Exercise — Exclude the pictures, then copy word for word the lines running from the beginning of the records through the line with "At Costco you're".

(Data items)
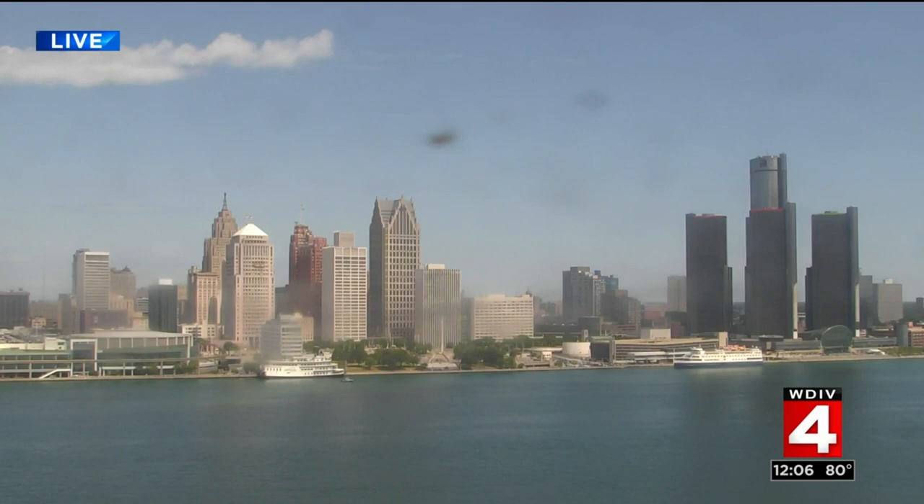Honestly, every time I see our sky cam on a day like today, it doesn't even look real — it's so beautiful. Today's golf league too, right? Perfect weather! City Airport right now is 79 degrees. Dearborn at 74, Taylor at 80, Metro Airport at 80 degrees, Sterling Heights at 79, West Bloomfield at 81. That's our Metro Zone. In our South Zone, upper 70s in Monroe, Dundee in the mid-70s, Blissfield at 75, Manchester at 75.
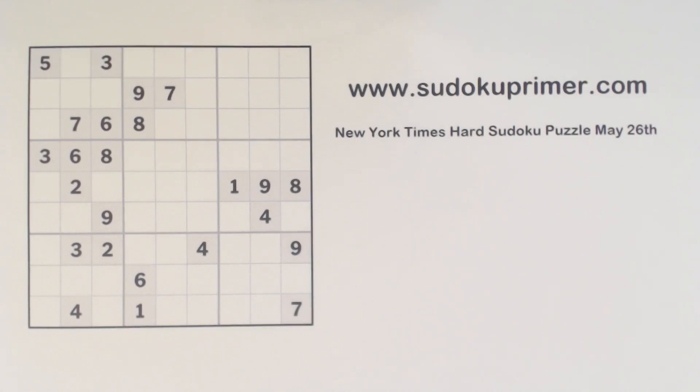We're going to unravel a hard Sudoku puzzle from the New York Times. This puzzle was suggested by a subscriber — John, thank you for suggesting this puzzle. This is a hard puzzle that was in the New York Times on May 26th. It isn't a real tough puzzle, but as John said, it's interesting if you solve it without pencil marks. It has a tricky spot or two, so we're going to tackle it now.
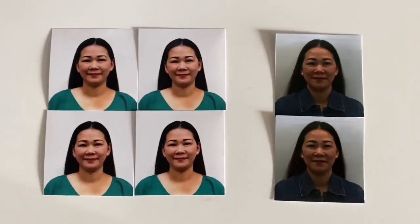At Costco you're getting four for $5.99, and at Walgreens you're only getting two for $15.99 — and pretty bad quality. If you need passport photos, just check out Costco. Thank you for watching, hope you liked this video. Please give it a thumbs up, subscribe, bye!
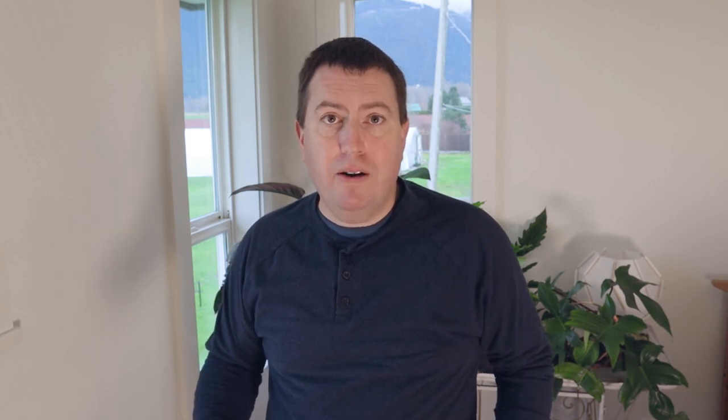Basically, they all disappeared when they went out of fashion. There are only something in the range of 12 or 15 commercially available Portland roses that you'll find on the market, at least in North America. There may be some others in collections, but the class has really shrunk down — they went out of fashion.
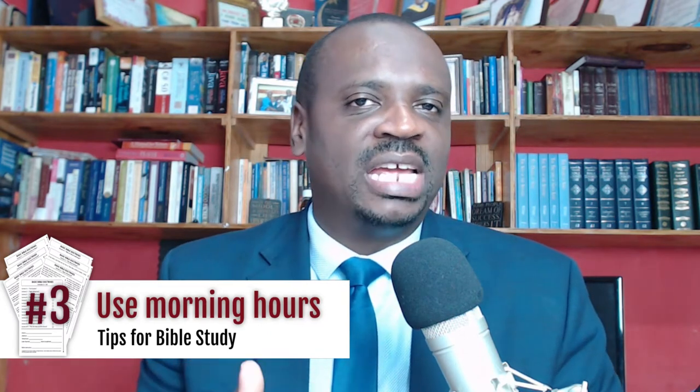The third advice I give you is that in setting up your schedule, I'm recommending for you to use the morning hours, because the morning hours have less distraction usually, and you get started on your Bible reading before getting involved in other activities.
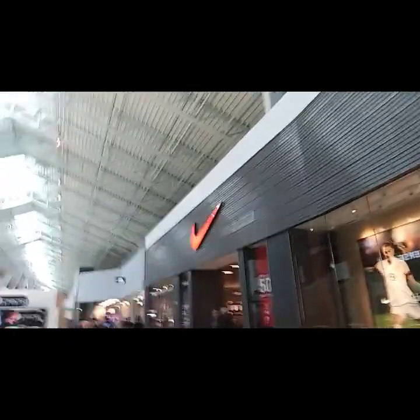Found it — there we go. It's right here and right ahead. Here's the Nike store right here, and you have up to 50% off selected items. That's awesome.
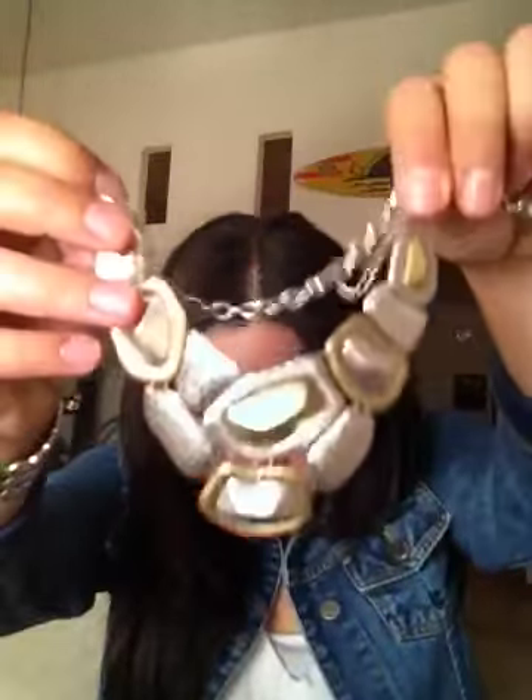The next statement necklace is from Premier Designs and it is a bib mixed metal necklace. You can see the bronze color and the silver and gold on there. This is perfect to put on top of a high-neck t-shirt or anything like that to dress it up.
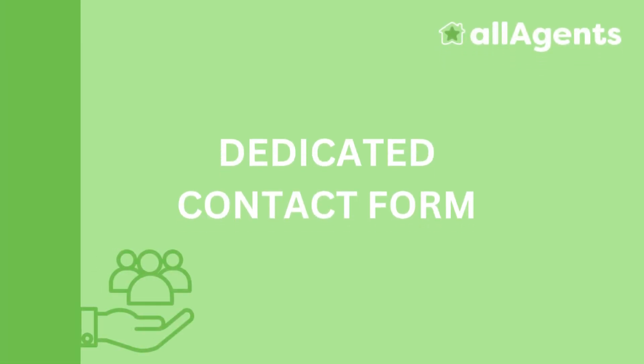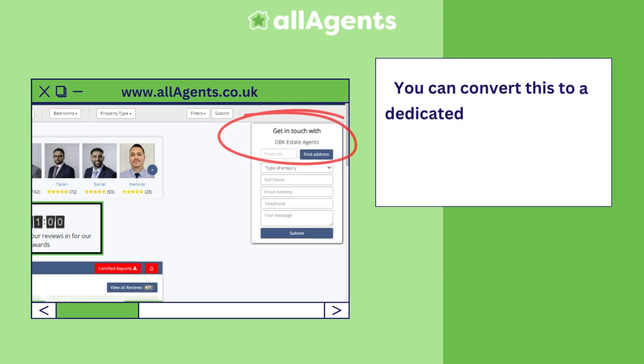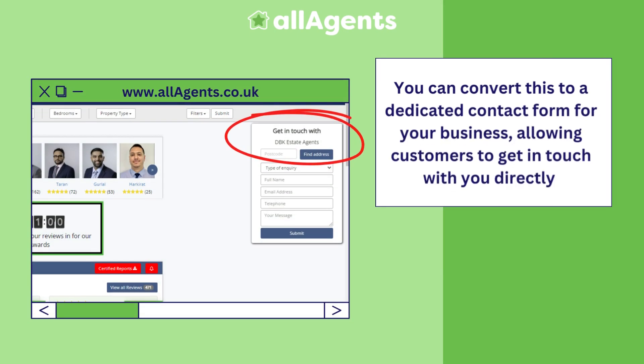Dedicated Contact Form. Every profile page contains a generic contact form which sends enquiries to all agents. You can convert this to a dedicated contact form for your business, allowing customers to get in touch with you directly.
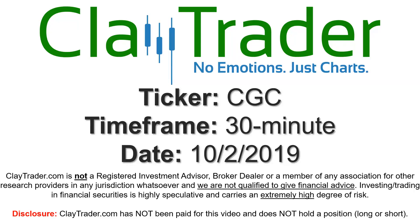Hey, it's Clay, and this will be a video chart on ticker symbol CGC. We will take a look at the 30-minute time frame.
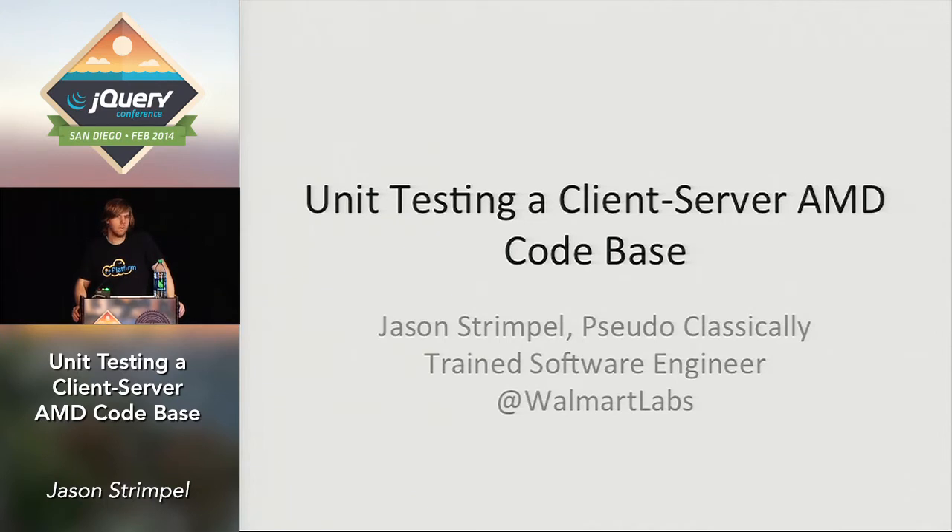My name is Jason Strimple. I work at Walmart Labs on part of the platform team, and we develop internal tools to help drive walmart.com. I actually work at a remote office just a little bit up north in Carlsbad, for those of you who are from San Diego.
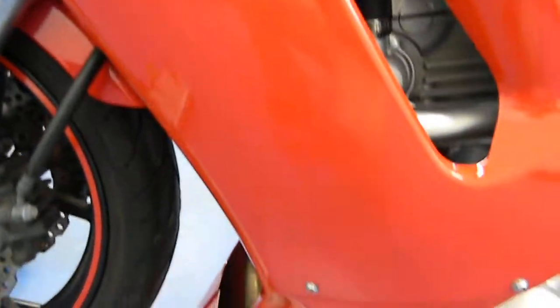Take a look down the left fairing. The left fairing is in good condition — no major scratches or marks on that.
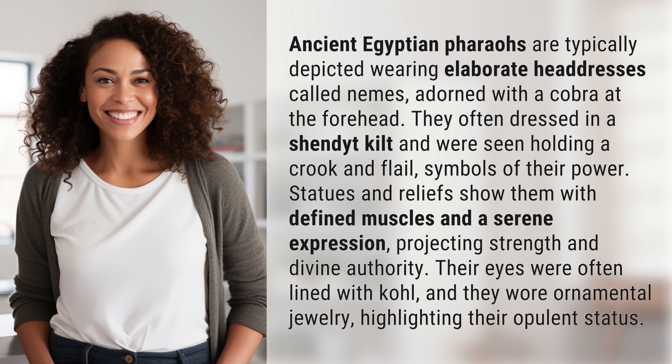Statues and reliefs show them with defined muscles and a serene expression, projecting strength and divine authority. Their eyes were often lined with kohl and they wore ornamental jewelry, highlighting their opulent status.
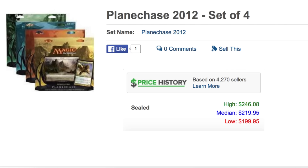Hey guys, today we are going to talk about Planechase. The reason we're talking about Planechase is because Planechase Anthologies is coming out, so I'm going to do the MTG finance version of it.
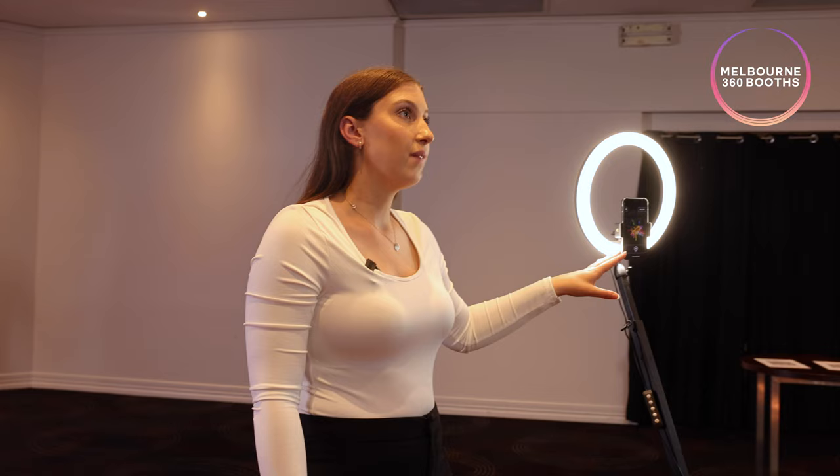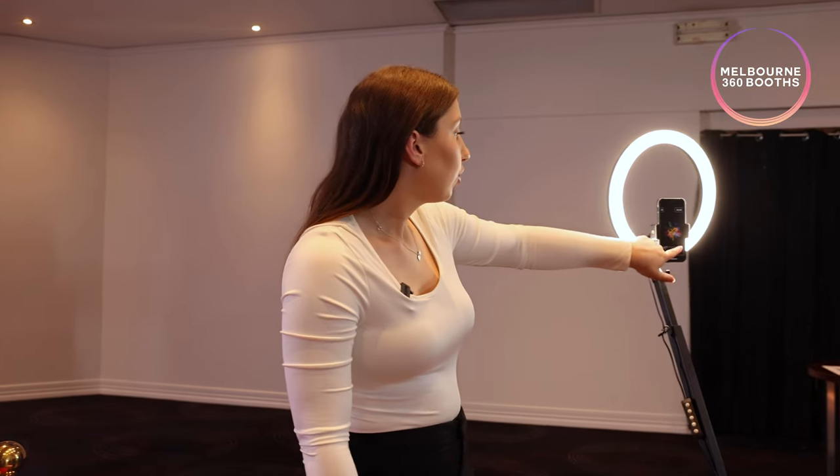Once I start there'll be a five second countdown. Ready, set, go!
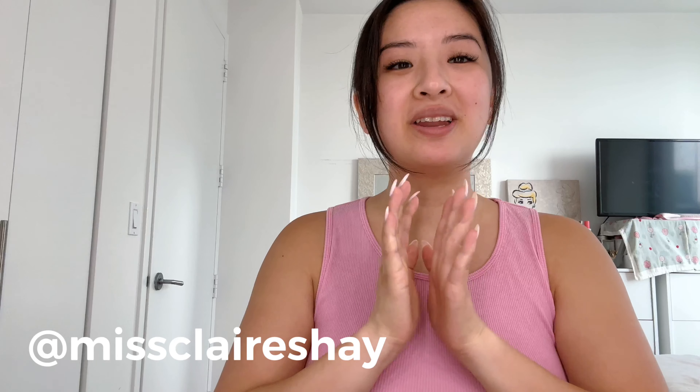Hey guys, welcome back to my channel. My name is Claire and today we are doing a breakdown of what's currently in my skincare routine. I'm turning 30 this year — in about three months — and that means I'm going to start doing things a little bit differently. I want to incorporate a lot more actual anti-aging things, but I feel like I have to document everything I'm currently using right now.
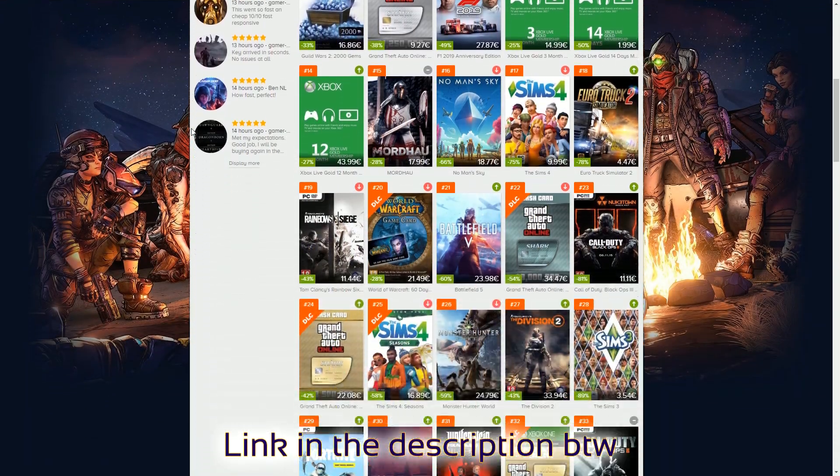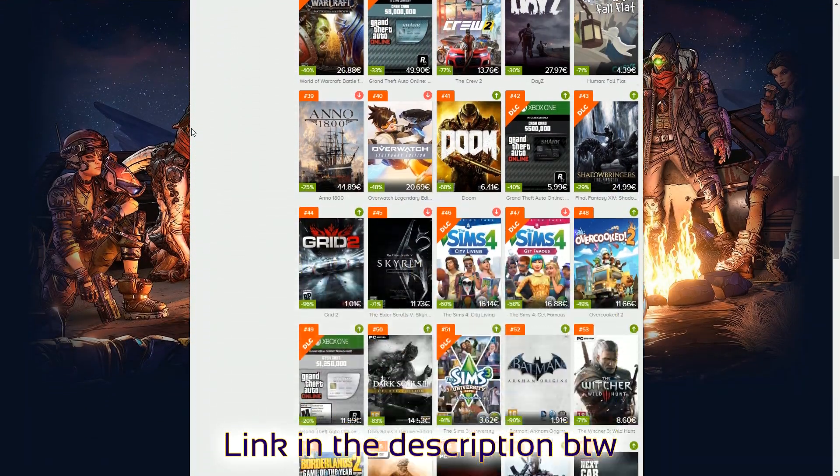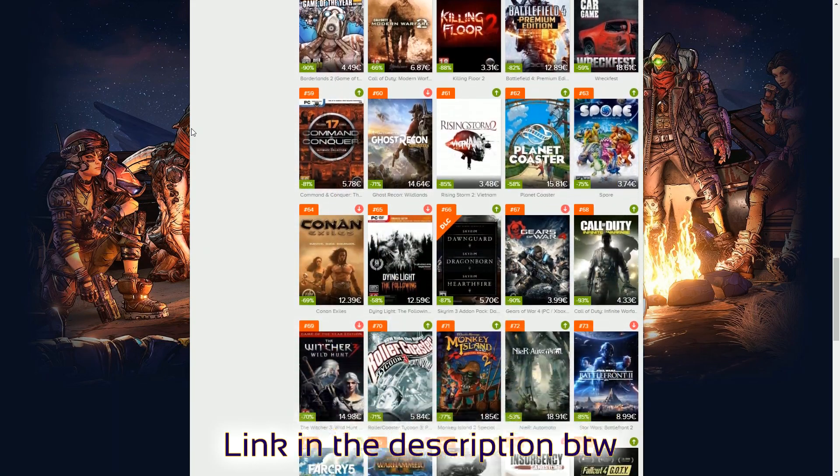Before I get into this video, if you're looking for cheap game keys, check out Instant Gaming. I bought a lot of games from there and they really do have the cheapest prices.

Output —
Honestly, every time I see our sky cam on a day like today, it doesn't even look real — it's so beautiful. Today's golf league too, right? Perfect weather! City Airport right now is 79 degrees. Dearborn at 74, Taylor at 80, Metro Airport at 80 degrees, Sterling Heights at 79, West Bloomfield at 81. That's our Metro Zone. In our South Zone, upper 70s in Monroe, Dundee in the mid-70s, Blissfield at 75, Manchester at 75.
We're going to unravel a hard Sudoku puzzle from the New York Times. This puzzle was suggested by a subscriber — John, thank you for suggesting this puzzle. This is a hard puzzle that was in the New York Times on May 26th. It isn't a real tough puzzle, but as John said, it's interesting if you solve it without pencil marks. It has a tricky spot or two, so we're going to tackle it now.
At Costco you're getting four for $5.99, and at Walgreens you're only getting two for $15.99 — and pretty bad quality. If you need passport photos, just check out Costco. Thank you for watching, hope you liked this video. Please give it a thumbs up, subscribe, bye!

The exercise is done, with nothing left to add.